12 October 2006

Due gechi per salvarti dall’essere pixelicida

Esattamente dieci anni fa veniva lanciato sul mercato il Tamagotchi. Altro non era che un animaletto virtuale, un pulcino per l’esattezza, che andava accudito, nutrito, educato e credo anche …pulito, ma su questo, non voglio approfondire. In caso di trascuratezza da parte del tutore-proprietario, il Tamagotchi poteva anche morire, gettando nel massimo sconforto il padre o la madre adottivi. In verità, non si trattava solo di un gioco educativo (e un poco spietato), ma di uno strumento per mettere alla prova un certo senso di responsabilità. Questo pulcino virtuale in qualche modo arrivava a colmare quel bisogno che sentiamo, a livello conscio o no, di prenderci cura di qualcuno o qualcosa nella vita di ogni giorno, al di fuori di noi stessi. Un altro esempio erano i Cercafamiglia della Harbert, una delle prime aziende di giocattoli a pensare a prodotti per aspiranti cuochi come il Dolceneve per fare il gelato o il DolceForno (mia sorella lo aveva, ed io ci facevo le torte a base di Nesquick).
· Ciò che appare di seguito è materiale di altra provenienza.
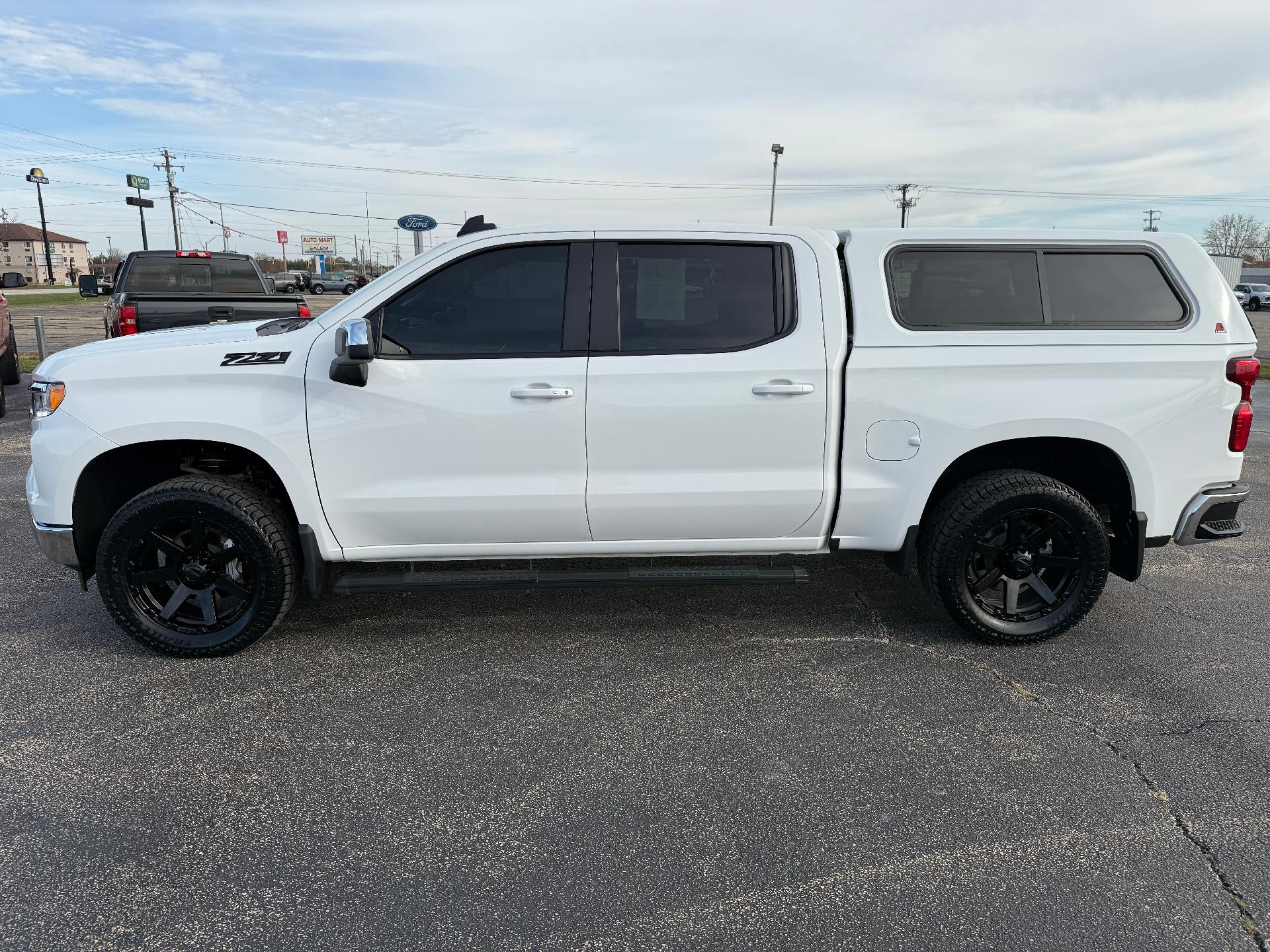 Used 2023 Chevrolet Silverado 1500 LT with VIN 2GCUDDED2P1120079 for sale in Salem, IL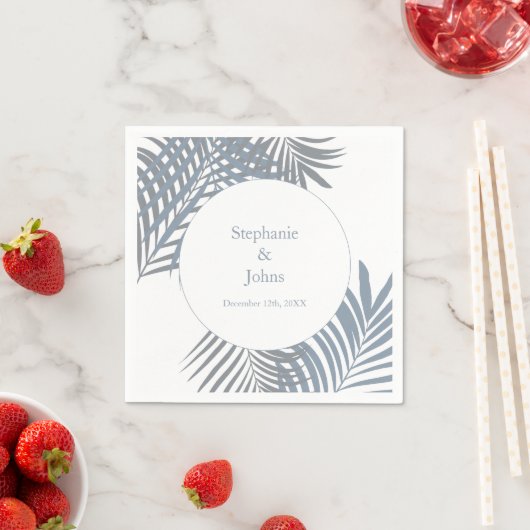 Serviette En Papier Dusty Blue Palm Feuille Art élégant mariage (En situation)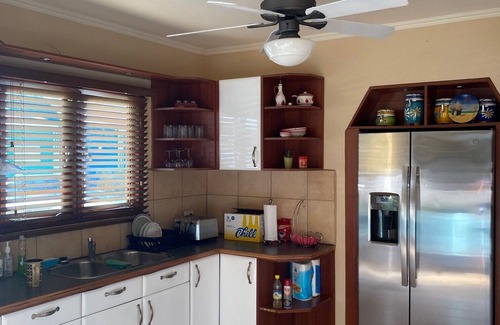 Alto Vista House | Enjoy use of a Ford Escape during your stay at the Canuku House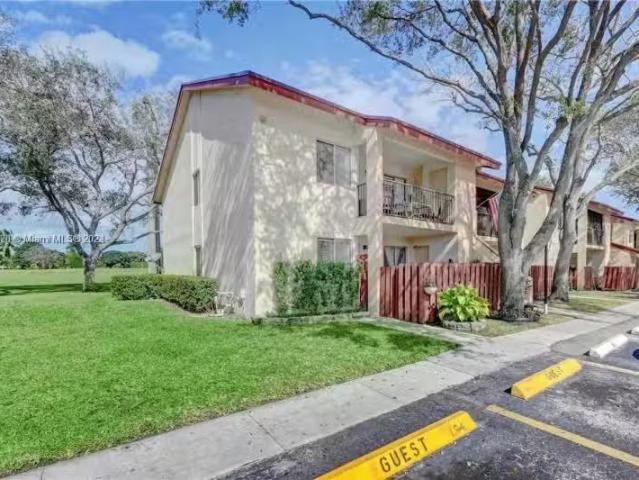House for sale in Pompano Beach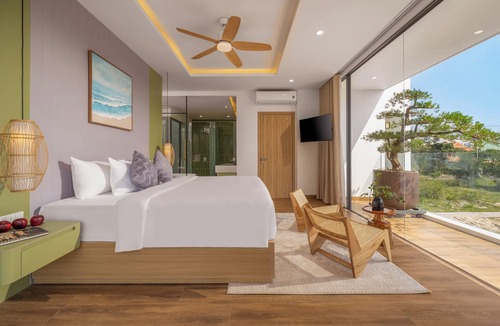 Ngu Hanh Son Villa | Amazing Newly Built Pool Villas Danang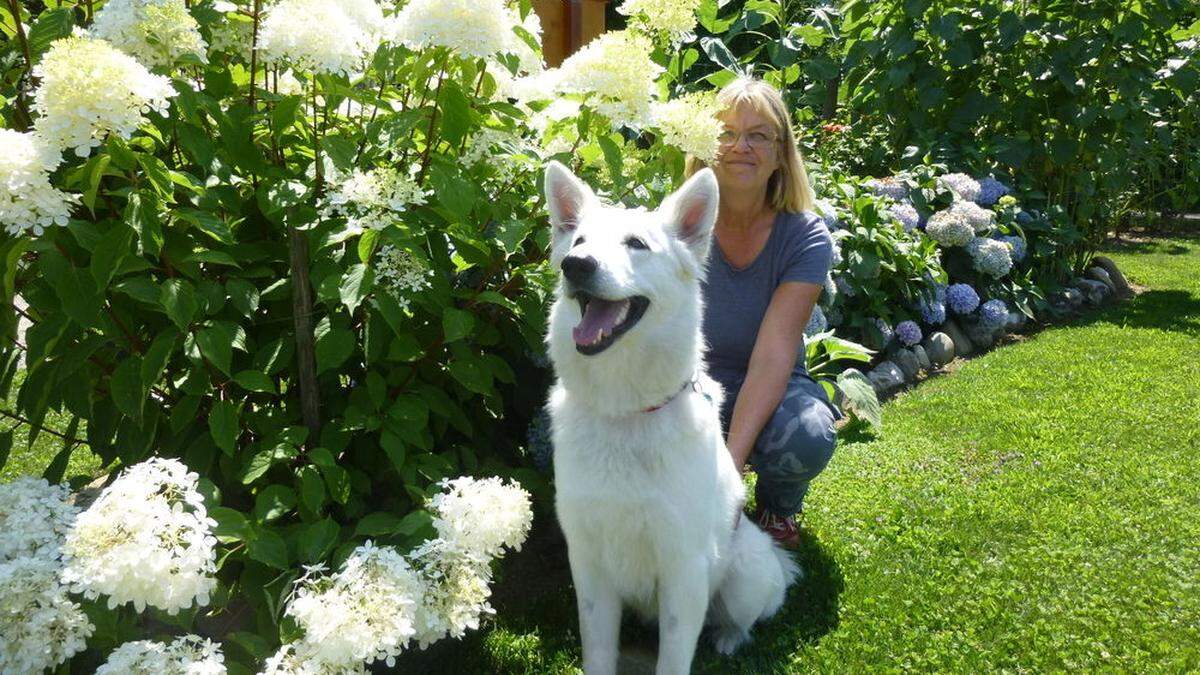 Irmtraud Pribas mit Hündin &quot;Luna&quot; im Stadtgarten Deutschlandsberg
I Cercafamiglia mi conquistarono. Ne chiesi uno a Natale e adottai così Tobia, un bracco di pezza, color marrone chiaro con grandi macchie più scure e un collarino a forma di osso con il suo e il mio nome.
I Cercafamiglia non ci sono più ma, a breve sul mercato ci sarà un’altra novità (o mostruosità). Si chiama Pixel Chix ed è una sorta di compagna di giochi o amica virtuale che interagisce, mangia, parla, dorme e balla, la via di mezzo tra un Tamagotchi e una Barbie. Vive in una casa tridimensionale che a scelta può essere un loft all’ultima moda, un cottage di campagna o una villa sontuosa. Ha anche una macchina virtuale ovviamente, rosa, lilla o blu. Fin qui, potrei odiarla solo per dove vive. Quel che è peggio è che la simpatica, irriverente e ironica Pixel Chix sembra avere anche la battuta pronta, tanto da arrivare a rispondere male nel caso in cui non le piaccia il vestito con cui deve uscire o se viene spedita a dormire presto. Non solo. Se si sente trascurata si potrebbe intristire, potrebbe riempire la casa di ragnatele, fare le valigie e andarsene sbattendo la porta. Come c****** si fa ad avere voglia di interagire con un’amica virtuale del genere? Io ci giocherei cinque minuti, poi ce la manderei di sana pianta. Passi il Tamagotchi, il Cercafamiglia, ma una Pixel Chix in casa mia non entrerà mai. Prendersi cura di chi o cosa allora? Una prima soluzione mi è stata data pochi giorni fa, da un’amica: lei e il suo compagno hanno appena costruito un terraio in casa per ospitare a breve, due gechi. Se la decisione di convivere con un geco, un cincillà, un criceto o un furetto o qualsiasi altra forma animale non è una, anche solo stitica, dimostrazione di volersi prendere cura di qualcuno, dovete spiegarmi quali sono le motivazioni di base di tale scelta. Passi un cane, un gatto, un coniglio, qualcosa che sia morbido da accarezzare, ma dei gechi. E poi, questo bisogno di responsabilizzarsi così tanto da volersi prendere cura anche di un’altra entità, oltre all’essere vivente con cui già ci si sveglia e ci si addormenta ogni santo giorno? Sarà per questo che poi si fanno anche dei figli? Finora, nella mia vita mi sono occupata di due pesci rossi, Pippo e Poldo, di una pappagallina che avevo chiamato Margie e di Achille, ovviamente. Un geco non lo avevo ancora considerato. Una Pixel Chix, manco a morire, ora che la conosco. Dei lombrichi forse, ma solo a scopo utilitaristico per le piante di casa. Attualmente ospito da mesi una lumaca sul balcone. Potrei salvare dal luna park con il tiro a segno un coniglio o adottare un asino a distanza e andarlo a trovare nel fine settimana.